Рассказы и эссе - страница 22

стр.

Но есть ведь избранные, которым долг повелевает не молчать, а высказать, обратиться. Только поди попробуй, в особенности на Руси, где графомания необъятна, как сама страна, отличить их от сонмища людей, коих браться за перо заставляет тщеславие, или, того хуже, желание позвать народ к топору.

Но как трудно молчать! Даже великий Толстой воскликнул: «Не могу молчать!». Лишь в последние годы жизни мог утешиться великий гуманист, наговаривая самое наболевшее в фонограф, подаренный ему Эдисоном. Поди помолчи, когда, даже прочитавши «Крейцерову сонату», люди продолжали не только слушать Бетховена, но и заниматься тем, пагубность коего так убедительно доказывает отчаянная повесть. Кажется, только поэт-декадент Константин Бальмонт, потрясенный этим чтением, воскликнул: «Как я мог спать с госпожой Миррой Л.!» и выпрыгнул в окно. Но бы спасен и продолжил грешить с той же госпожой Миррой Л., которая так и сказала возлюбленному своему: «В эту ночь я буду лампадой».

Ура, цензуры в общепринятом смысле нынче нет. Это многими воспринято как разрешение балагурить и шалить. Неожиданно убрали сопротивление и вся литература чуть не свалилась в гроб, услужливо приготовленный несколькими шумными постмодернистами. Но и до perestroika & glasnost не было цензуры в том виде, в каком она наличествовала при царях, когда сам Пушкин сетовал на нее, и даже дошло до того, что государь лично соизволил быть его личным цензором. (Но в конце жизни поэт признался, что ему «дела нет, здорово ли цензура в журнальных шалостях стесняет балагура»).

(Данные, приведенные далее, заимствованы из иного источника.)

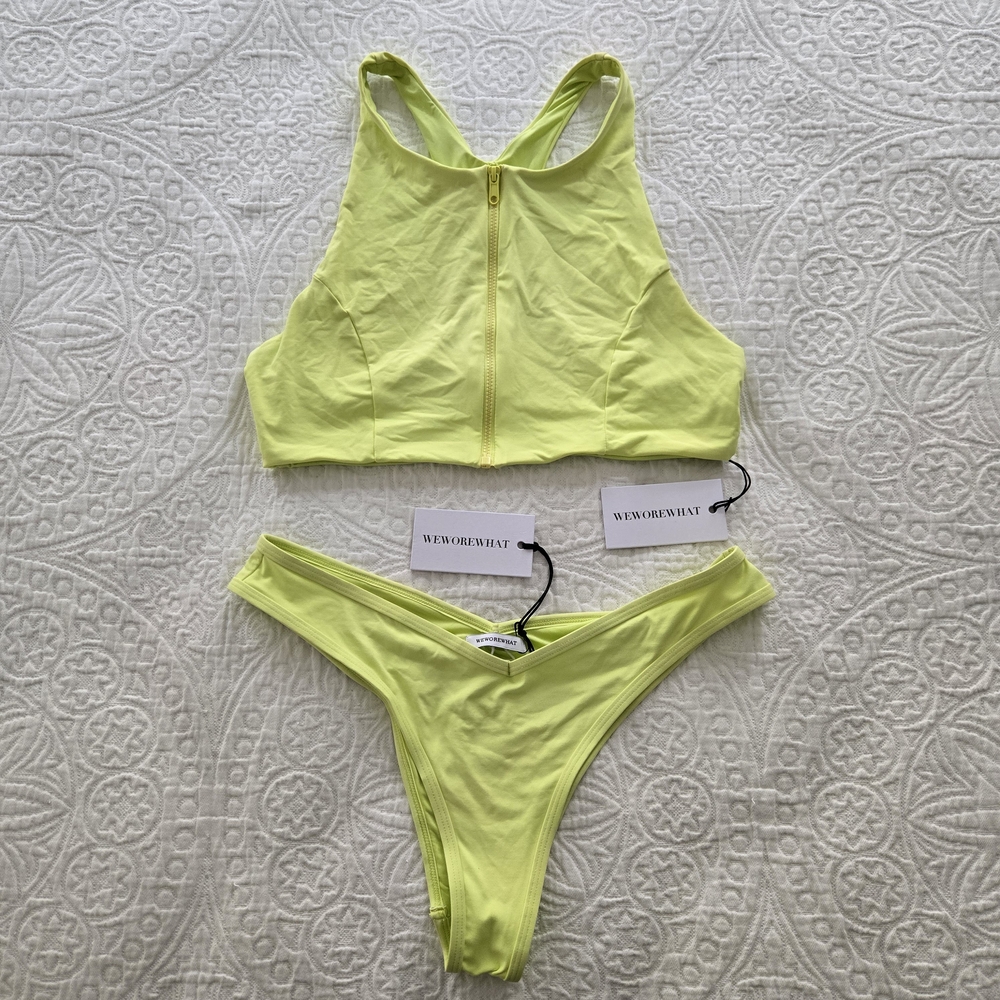 Weworewhat neon yellow zip front bikini set NWT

При большевиках собственно цензором был так называемый главлит, который оберегал от болтливости писателей упоминание военных и околовоенных объектов, а в идеологию не лез. Еще бы! Знакомый прозаик в одном единственном предложении умудрился выдать аж пять находок для шпиона. Вот что ветреник написал: «Самолет АН-24, круто разогнавшись по взлетной полосе запасного аэродрома Быково, подарил нам два с половиной часа наслаждения парить в лиловеющих кудрях облаков, и вот он приземляется в Адлере, откуда такси за каких-то сорок минут бросил меня в объятия Джозефины, которая жила в 40 километрах от аэропорта, как раз рядом цековской дачей, где в летние месяцы любит отдыхать Леонид Ильич». И марку самолета указал, и точное местонахождение четырех стратегических объектов (два аэродрома, госдача и сам Брежнев, не говоря уже о вычисляемой по пейзажу воздушной трассе).

А настоящую цензуру в старом понятии этого слова осуществляли литературные генералы, которым помогали молодые честолюбцы, для коих дом на Воровского был желаннее Парнаса. Они так досаждали нашим писателям, что до сих пор они не могут успокоиться. Редактора журналов и привилегированные критики стояли между писателями, которые были властителями дум для легионом читателей, новых дум заждавшихся.

Еще при Ленине сам просвещенный Брюсов сделал попытку погонять своих однополчан. Затем Сталин жаловал Фадеева, но говорил ему в лицо: «Тоже мне писатель!», а догадывался, что мастер — это Мандельштам. А в последние десятилетия выравнивались силы. Уже на литературных разносах на стороне президиума была власть, а разносимый имел сочувствие зала и еще за ним стояла вся общественность. Когда расходились, члены литературного президиума шли и запирались в свои бани на дачах, где пили долго, друг от дружки скрывая муки партийной совести, а гонимые собирались на распахнутых трибунах кухонь, где пили долго со светлой печалью на лицах. А в центре застолья и внимания — тот, кого давеча разносили, властитель дум и мученик.

Странное было время, по своему счастливое для пишущего! Ибо, наконец опубликованное, слово писателя шло в самую гущу народа, подобно тому, как получив гонорар, сам он направлялся прямиком в дубовый зал ЦДЛ.

Советскую власть презирали все: это стало правильно и престижно. От простого инженера до начитавшегося из спецхрана гэбешника. Государство было, но без государственников. Конечно же, советские матери продолжали рожать сыновей с наследственным инстинктом государственника. Но те, когда вырастали и начинали ощущать в себе позыв государственника, принимали его за партийную совесть.